Tuesday, March 25, 2014

Self Portraiture and the Gift of a Face

 
my bedroom faces, college 1999

My mother, who doesn’t know what a selfie or Facebook is (she asked me if Facebook was really a book of faces, which it kind of is now) acts more like a troubled teenager than a grown woman.  Since I was a kid, I've seen the self-portraits she photographed whenever she was incredibly sad or smashed.  These were bummer pictures to see, of course, as her daughter, but I also admired how unabashed she was about them; they weren't hidden away in a box somewhere.  The one I remember most clearly, probably because I own it (she sent it to me when I was away at college) is a photo she took just after she'd cut off all her beautiful long hair. 

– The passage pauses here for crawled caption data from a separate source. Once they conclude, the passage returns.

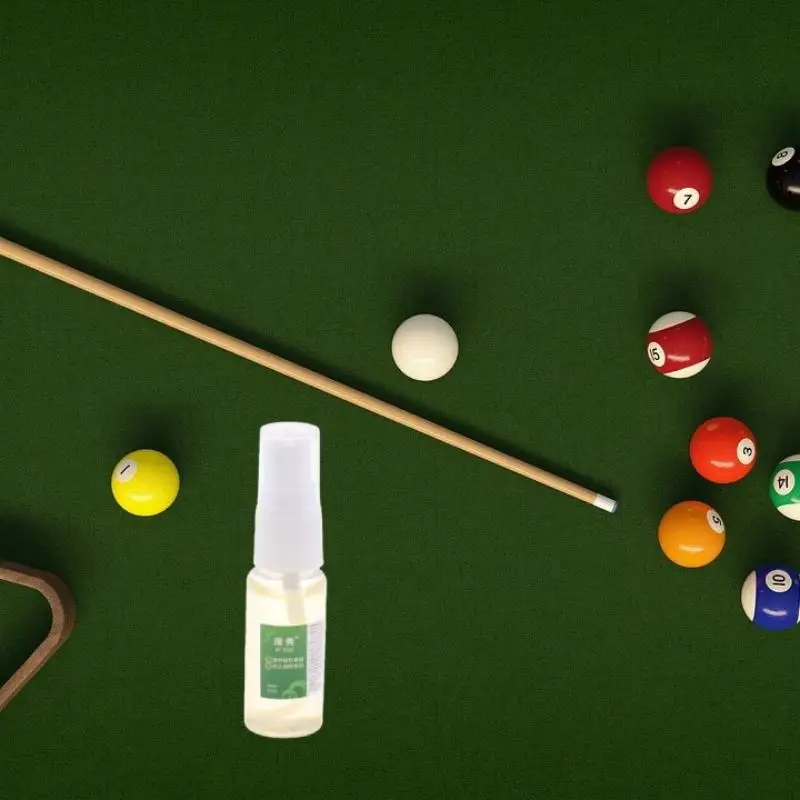 1 قطعة 20 مللي زيت صيانة جديلة لعصي حمام السباحة المضادة للكراك للعناية الصينية بثمانية كرات والسنوكر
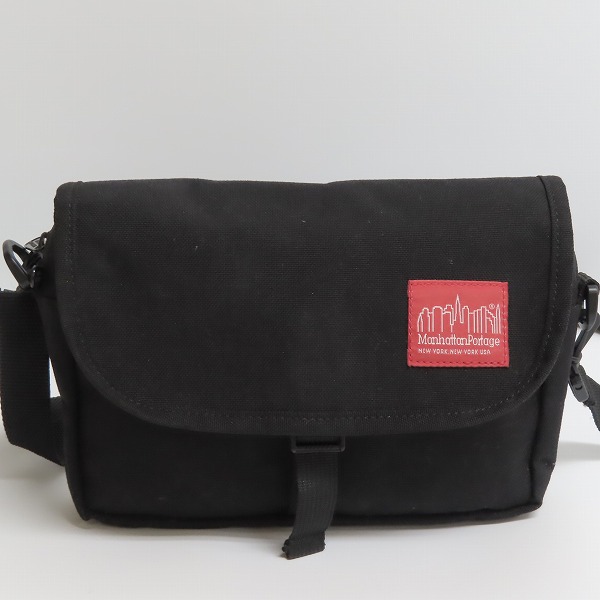 実際に弊社で買取させて頂いたmanhattan portage/マンハッタンポーテージ ショルダーバッグ 黒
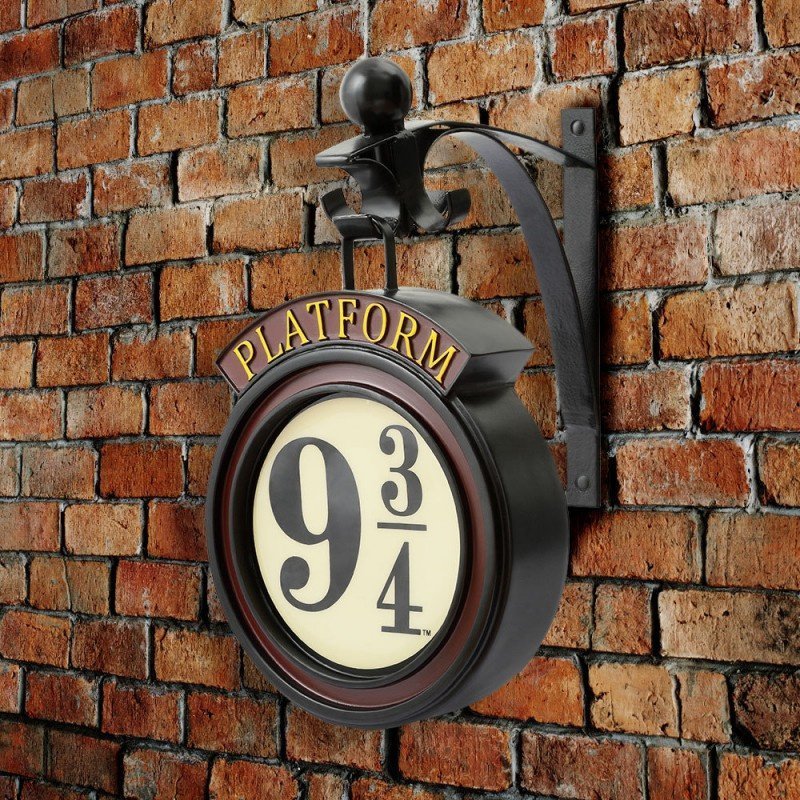 Væglampe Børn Platform 9 3/4 Harry Potter Tema Magisk Vægmontering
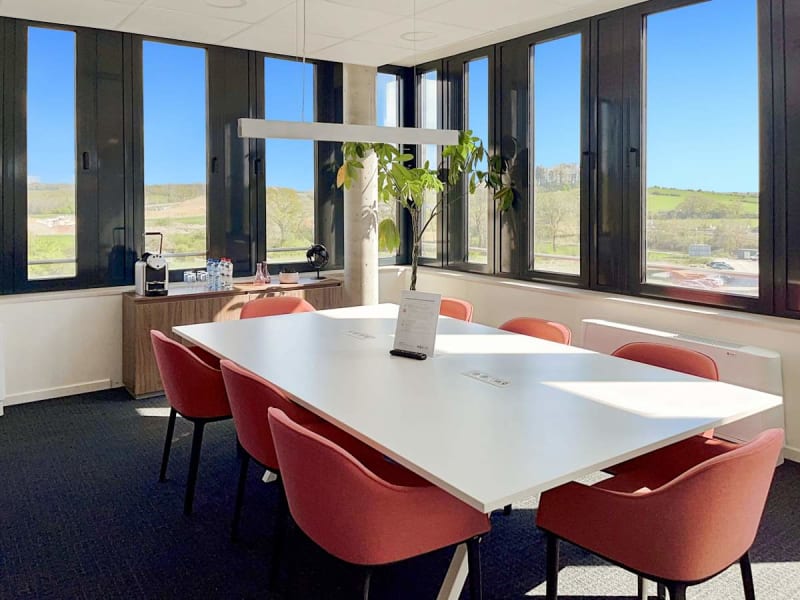 Serviced office con sala de reuniones, Livange, Rue de Turi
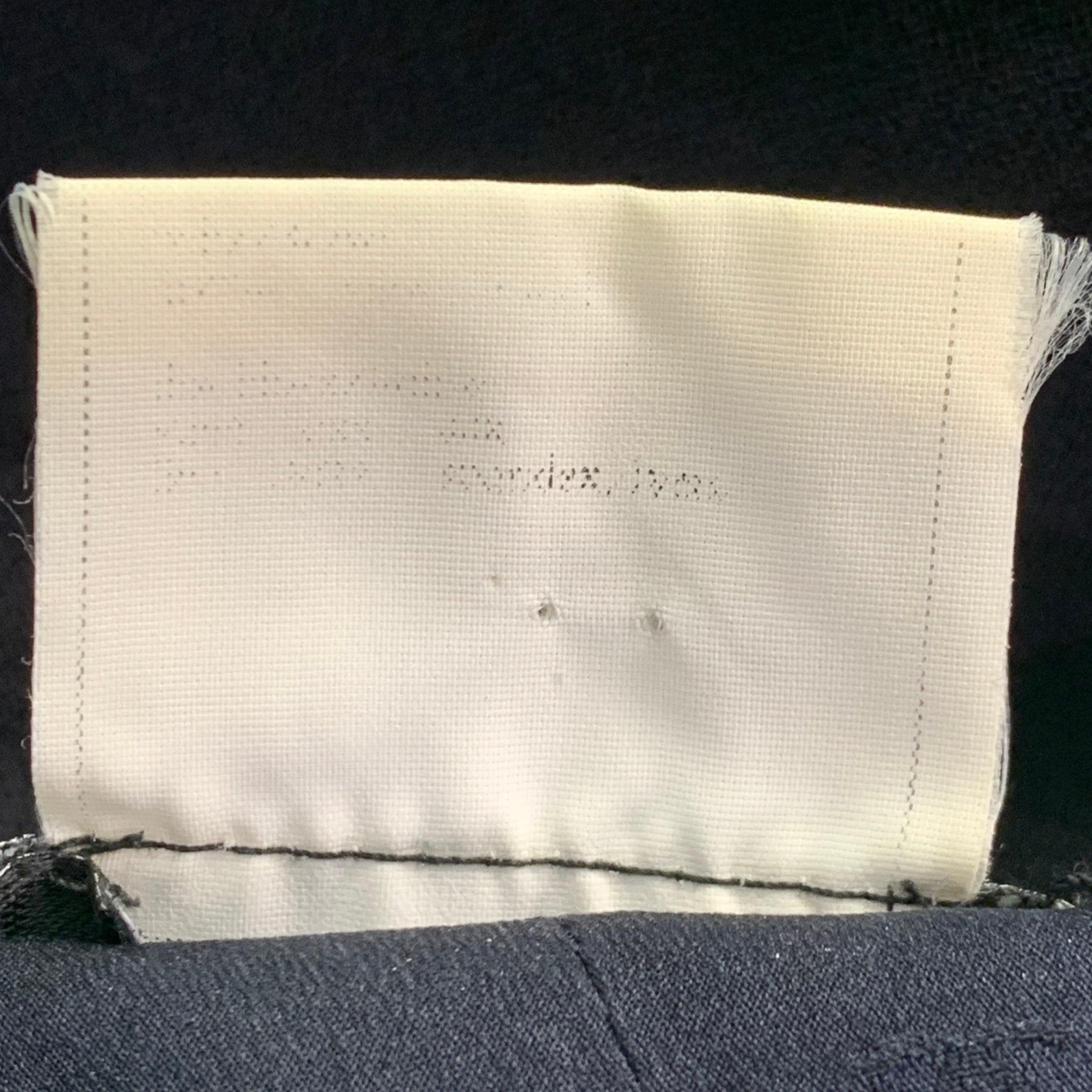 Chanel Vintage 1996 Taglia 6 Navy Abito a maniche lunghe sotto il ginocchio in vendita 5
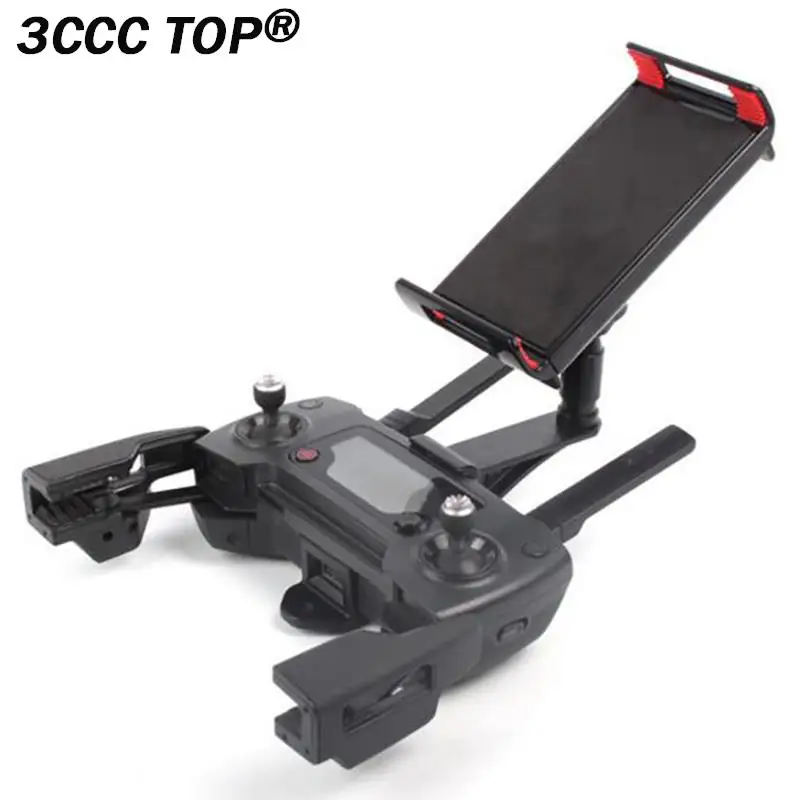 Universal Foldable Phone Tablet Bracket Mount Clip DJI Spark Remote Control DJI Mavic Air Monitor Holder Accessories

I also regularly took self-portraits when I was crying or really sad, when I was a teenager.  I liked how these photos looked and the idea that I'd created a work of art of sorts just by capturing myself in the act of crying; even as a young person, i was aware that the aesthetic rawness of art created by young people was of general interest, aesthetically, with the cool grownups I admired.  

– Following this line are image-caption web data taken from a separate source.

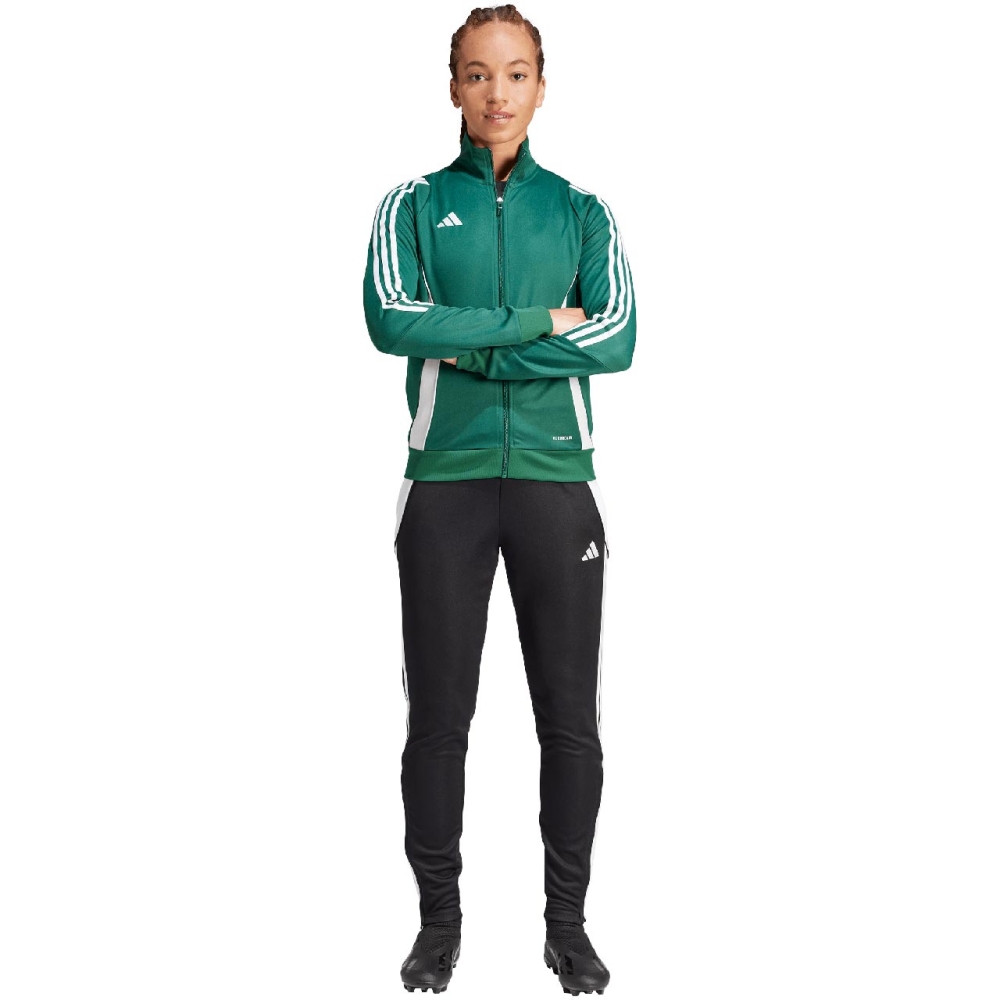 Bluza trening Adidas Tiro 24 Training 's green IR9499 dama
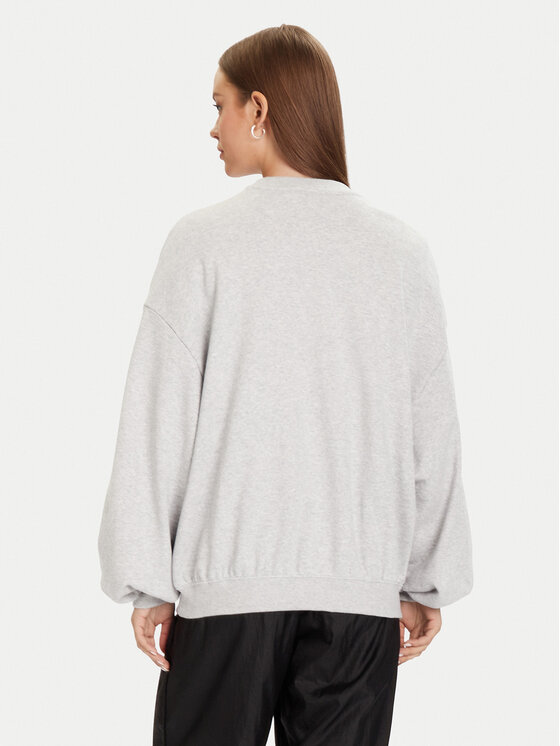 Puma Puma Суитшърт PUMA X ROSÉ 633803 10 Сив Oversize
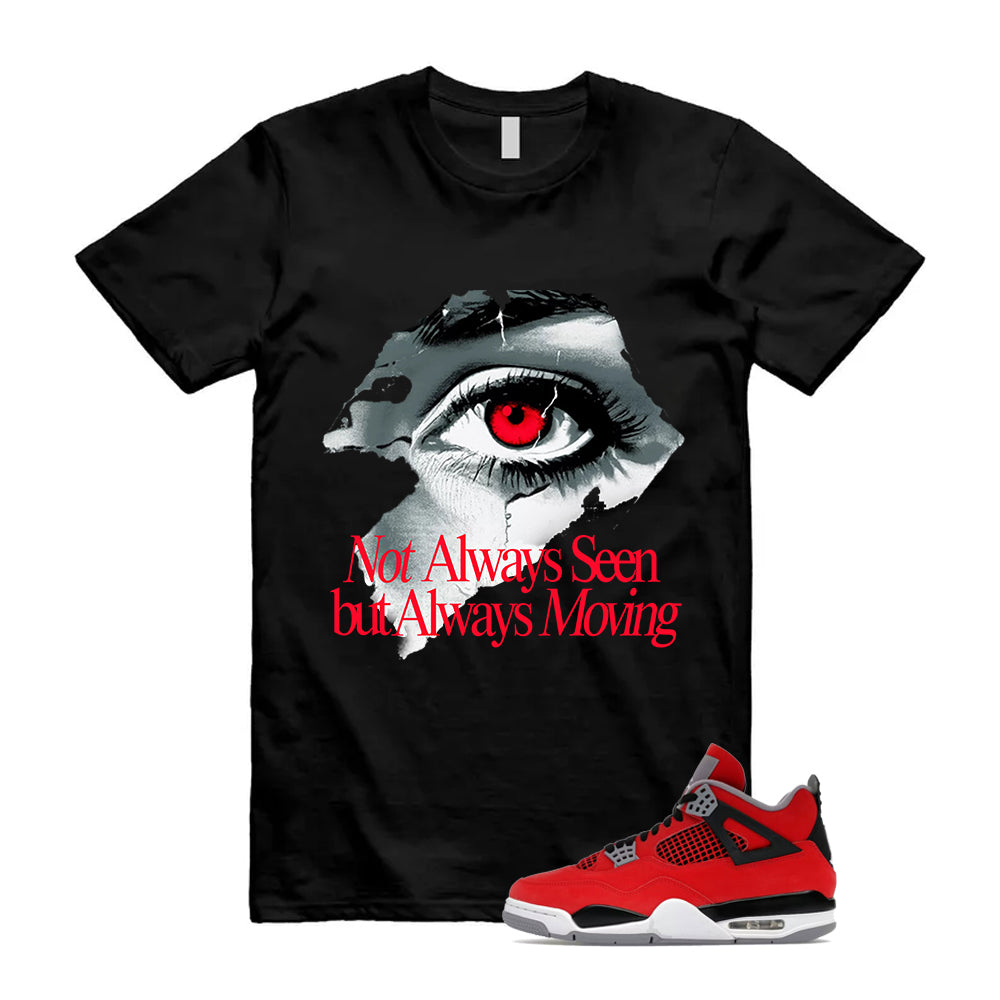 4 Toro Bravo Fire Red White Black Cement Grey 2026 Shirt To Match Not Alway Seen T-Shirt, Match Sneaker Tee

I know that a lot of my friends also liked to take photos of themselves.  There was something so fascinating about a photo that is usually taken from an unflattering angle but still manages to show striking or unusually lovely facets of our faces.  

In college I got really into these self-portraits.  I moved to a new place every year, and whenever I decorated my new room, I always had a collection of photos of myself tacked to the wall near my pillow, with sad lyrics about loneliness written on them.

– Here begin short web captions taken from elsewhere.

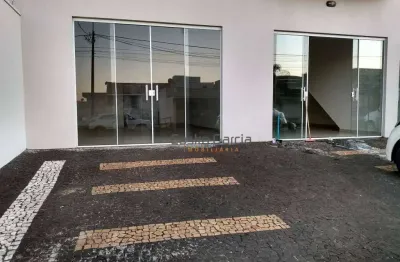 Salão para alugar, 46 m² por r$ 1.835,54/mês - jardim terramérica ii - americana/sp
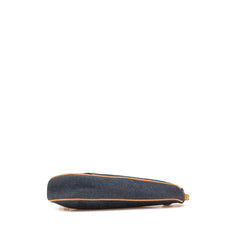 Dior Mini Denim Saddle Pochette
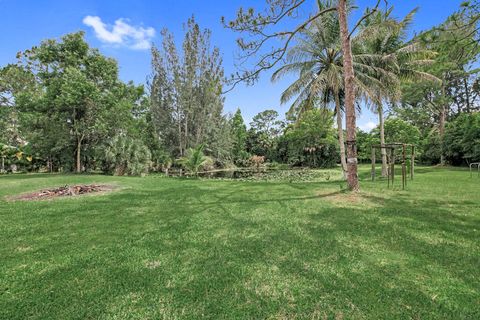 A home in Loxahatchee Groves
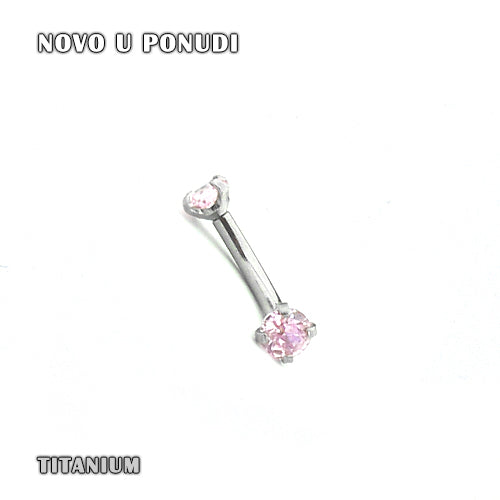 Savijena osovina 8mm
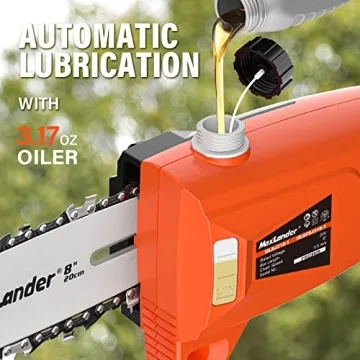 Maxlander Cordless 2-in-1 Pole Saw and Hedge Trimmer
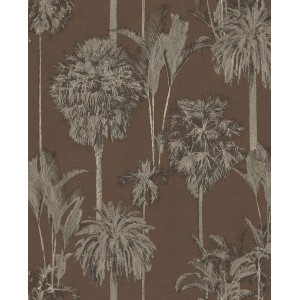 PAPEL PINTADO EIJFFINGER OASIS 317322 CHOCOLATE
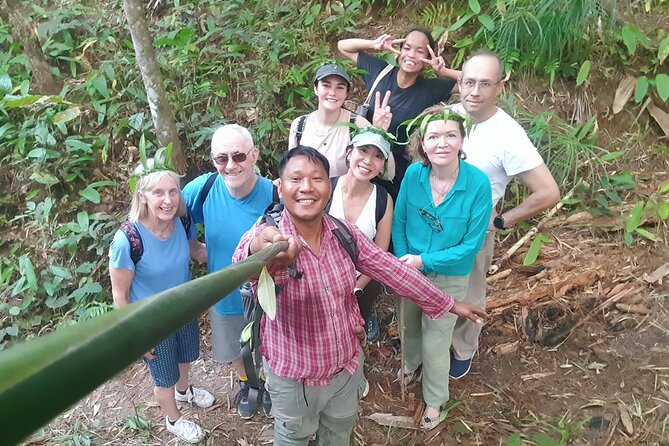 Trekking with Lunch cooked by Bamboo in the Chiang Rai jungle - Lam Nam Kok National Park: villages, tea, and bamboo forest trekking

Some were photos taken of me by friends, and some were self-portraits.  It was comforting to have these self-pitying and poetic loneliness reminders to look at as I drifted off the sleep; when I was alone, it felt sort of cozy to wallow.  And on the nights I wasn't alone, it was nice to look at the photos and silently say to them "Not alone tonight, Robins."  

Eventually I discovered the devastatingly witty and sad prose of Dorothy Parker, and as an art project, I went through all my old photo albums and put together all the self-portraits I had of me, mom and my friends in a notebook with appropriate Dorothy Parker quotes as a narrative for each picture.  It is the kind of art project that's sort of like "meh" unless you're young enough to think everything you do is genius, but I still think it's a neat book to look through.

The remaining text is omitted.